HIGH POINT, N.C., April 20, 2017 – As several hundred community members gathered today at High Point University’s Cottrell Amphitheater to celebrate Arbor Day amidst the campus’s more than 3,000 taxa of plants, a special group of alumnae pledged to help keep the campus tree collection growing.
For the eighth consecutive year, HPU received the Tree Campus USA Award from the Arbor Day Foundation. First Lady Mariana Qubein has spearheaded the development of the arboretum and gardens on campus and works with student, faculty, staff and community volunteers to care for the gardens. She thanked the many volunteers and donors who support the collections on campus through their time and commitment.

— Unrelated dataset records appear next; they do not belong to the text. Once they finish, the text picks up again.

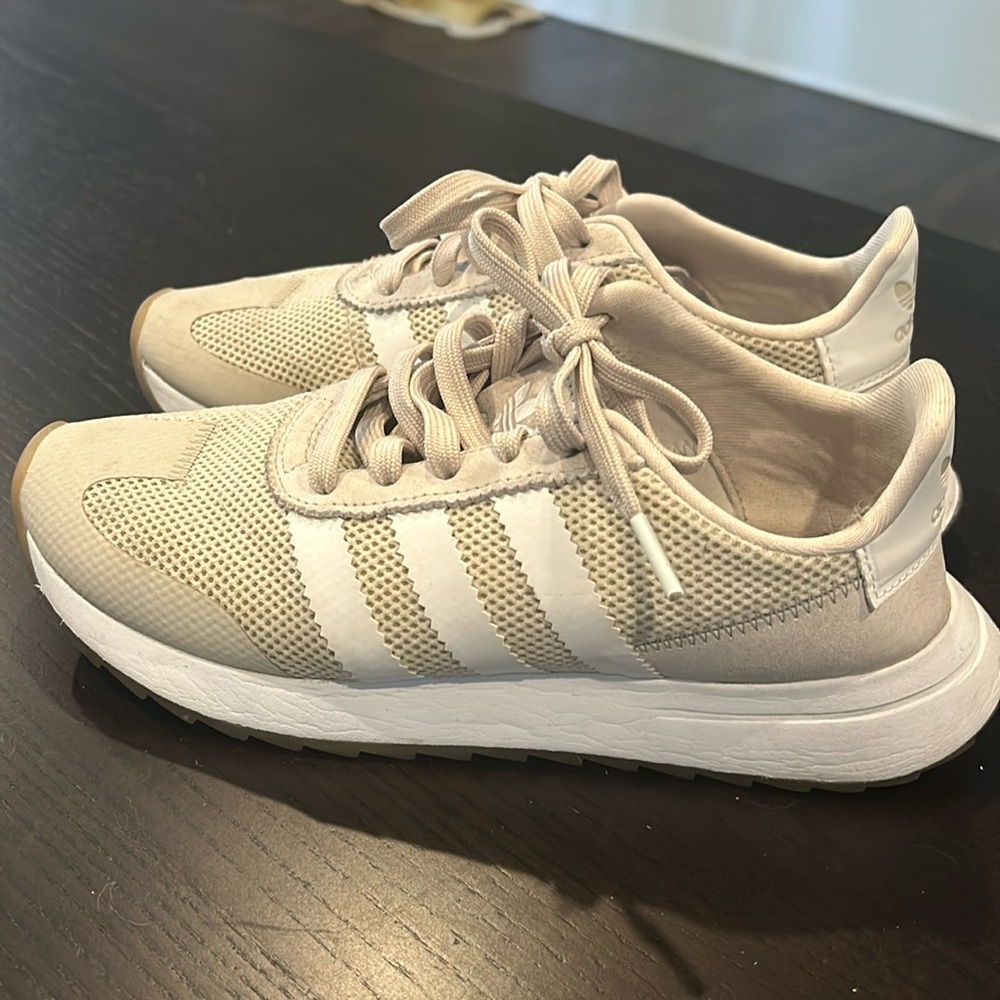 Adidas sneakers. Size 6. Beige color.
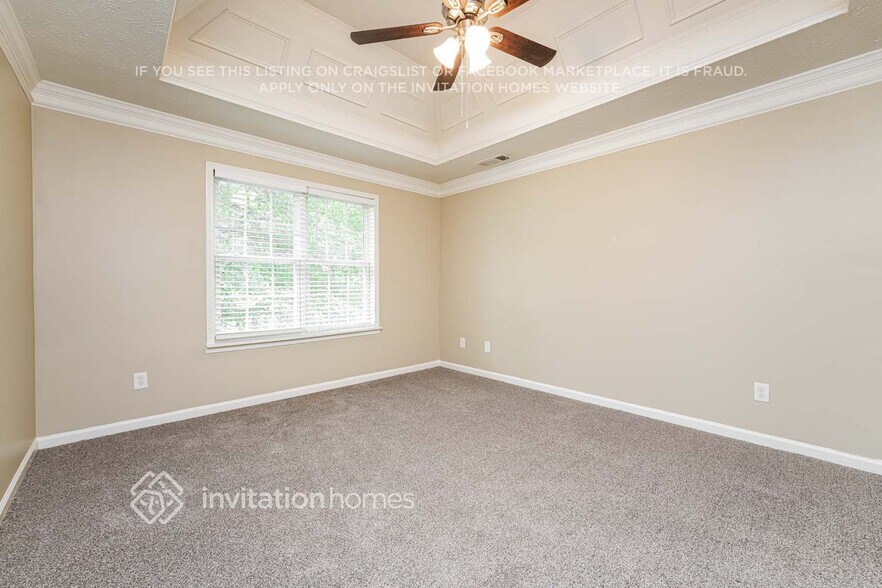 Building Photo - 3750 Scotland Ln SW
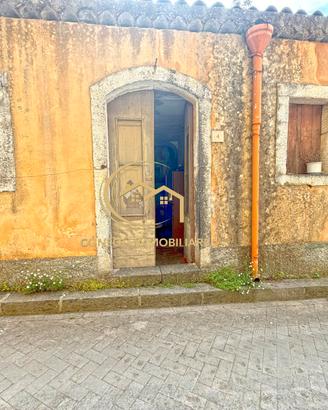 Casa indipendente da ristrutturare a Linguaglossa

Those supporters include David and Christine Cottrell, parents of a recent HPU graduate and successful business owners from Richmond, Virginia. The Cottrells, who were honored at today’s ceremony made the lead gift to Cottrell Hall, and this year they supported the Cottrell Amphitheater, where today’s event took place.
“All of our supporters helped us achieve our dreams, inspire our students, engage our community and showcase God’s hands on this campus,” Qubein said. “As you can see, our gardens are growing in place and in number. Our campus is lighting up with beauty and framed by nature at its best. Every building is surrounded by color. Every structure is framed with inspiration.”
Another group of supporters included Steel Magnolias, a group of women who graduated from the university between the 1950s and the 1980s. Anne Kerr Walker, their president, announced their efforts to increase HPU’s magnolia tree collection to over 130 trees, which will be the largest collection in North Carolina on a university campus.
“While friendship and loyalty to HPU have brought us together, we have endowed a scholarship that has grown over the last six years. As a result, we offer a scholarship to two deserving students annually,” Walker said. “Now it is our goal to surpass the largest amount of magnolia trees, which is 130, on any college campus in in the state of North Carolina. I have donated three trees in memory of my husband, my sister and my brother. Everyone has a different reason for supporting these trees, but whatever the reason, it is a wonderful idea and a beautiful thing to do.”
Jon Roethling, curator of the grounds, gave an update on new additions to and initiatives driven by the arboretum and gardens committee. Those additions include a water feature next to the Cottrell Amphitheater that includes 160 tons of rock and 12,000 gallons of recirculating water; the beginnings of construction for a greenhouse and nursery; and plans for a medicinal garden near Congdon Hall, which will open in the fall to house the Fred Wilson School of Pharmacy and Congdon School of Health Sciences. Roethling and his team have also shared their passion for the environment with children at local elementary schools.
“We continue to grow year after year,” Roethling said. “It’s an amazing challenge to wake up to with gusto every morning… Our tree plantings at local elementary schools around the High Point community took us to Union Hill Elementary this year where we planted a purple plum tree. When I asked the kids why purple was an important girl, one little girl said, ‘Because it’s the color of our community.’ We truly are High Point’s University and it’s important to reach out to kids and instill in them a love of the environment.”
Each attendee left today’s ceremony with a complimentary Cornelian cherry tree. The event was supported by Price Nursery and Landscaping, Terminix Triad and Vann York Toyota.